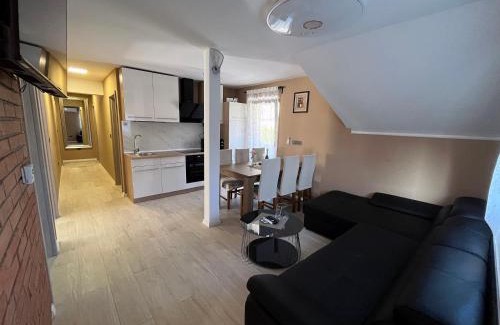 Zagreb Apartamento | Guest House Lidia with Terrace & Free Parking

────────────────────────────────────────

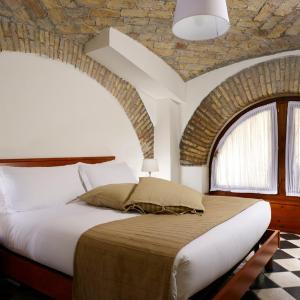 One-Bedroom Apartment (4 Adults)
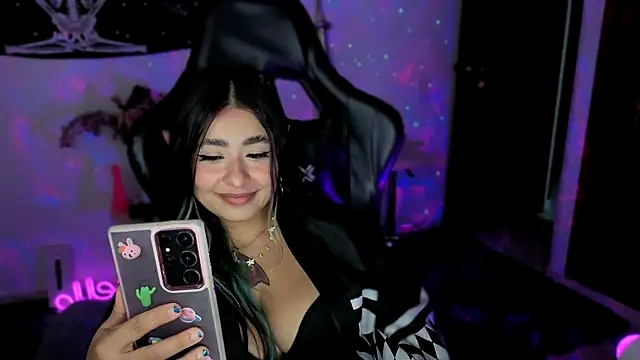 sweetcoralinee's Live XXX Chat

────────────────────────────────────────

Set the pictures aside and reproduce exactly the lines above, from the line holding "One-Bedroom Apartment (4 Adults)" through the line holding "sweetcoralinee's Live XXX Chat", both included, with nothing else.

**Solution to the exercise:**
 One-Bedroom Apartment (4 Adults)
 sweetcoralinee's Live XXX Chat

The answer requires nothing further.